_Directions_
What you return should be every line below, word for word, and none of the images.

_Exercise data_

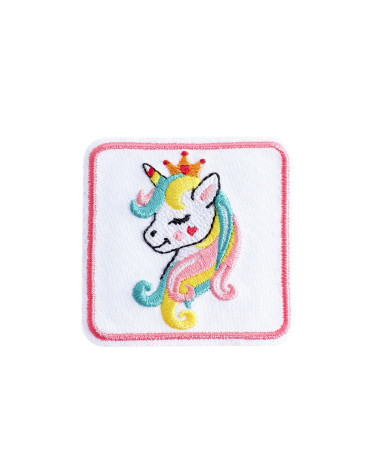 Toppa termoadesiva simpatici animali unicorno 5 cm x 5 cm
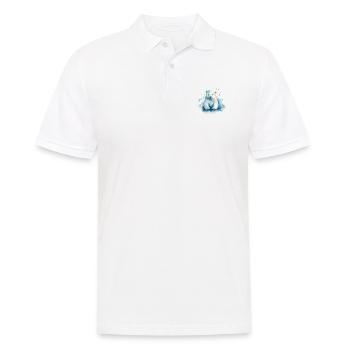 Colorful polar bear - awareness of climate change - Men's Polo Shirt - white - Front - Kai (181cm)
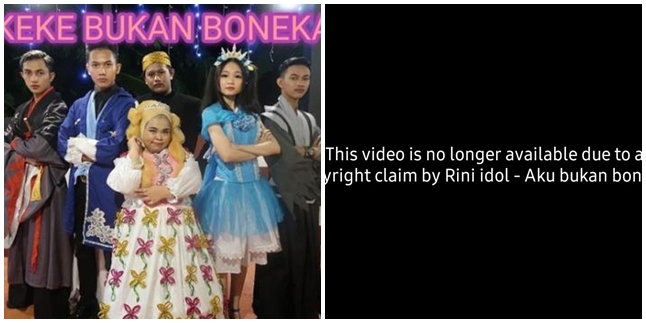 Similar to Rinni Wulandari's Song, Kekeyi's New Single, Keke Bukan Boneka Suddenly Disappears From Youtube!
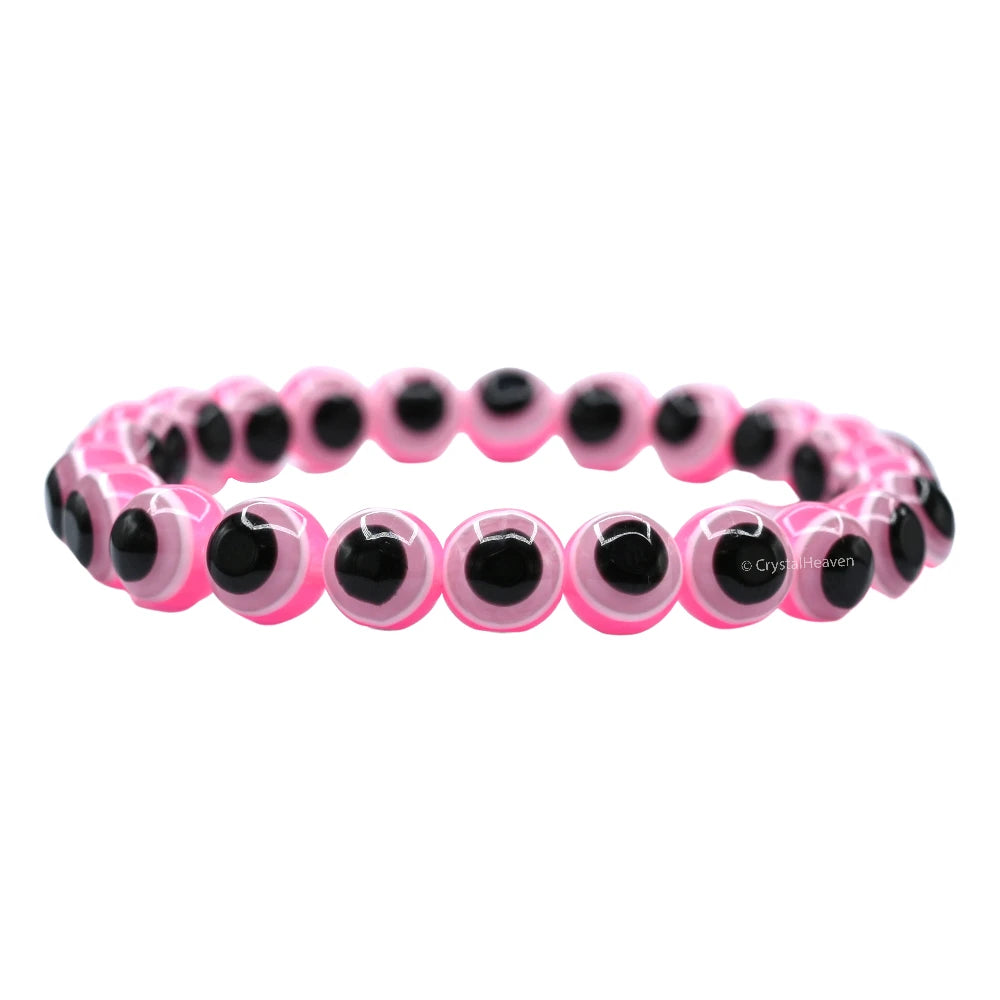 Hot Pink Evil Eye Bracelet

_Written response_
 Toppa termoadesiva simpatici animali unicorno 5 cm x 5 cm
 Colorful polar bear - awareness of climate change - Men's Polo Shirt - white - Front - Kai (181cm)
 Similar to Rinni Wulandari's Song, Kekeyi's New Single, Keke Bukan Boneka Suddenly Disappears From Youtube!
 Hot Pink Evil Eye Bracelet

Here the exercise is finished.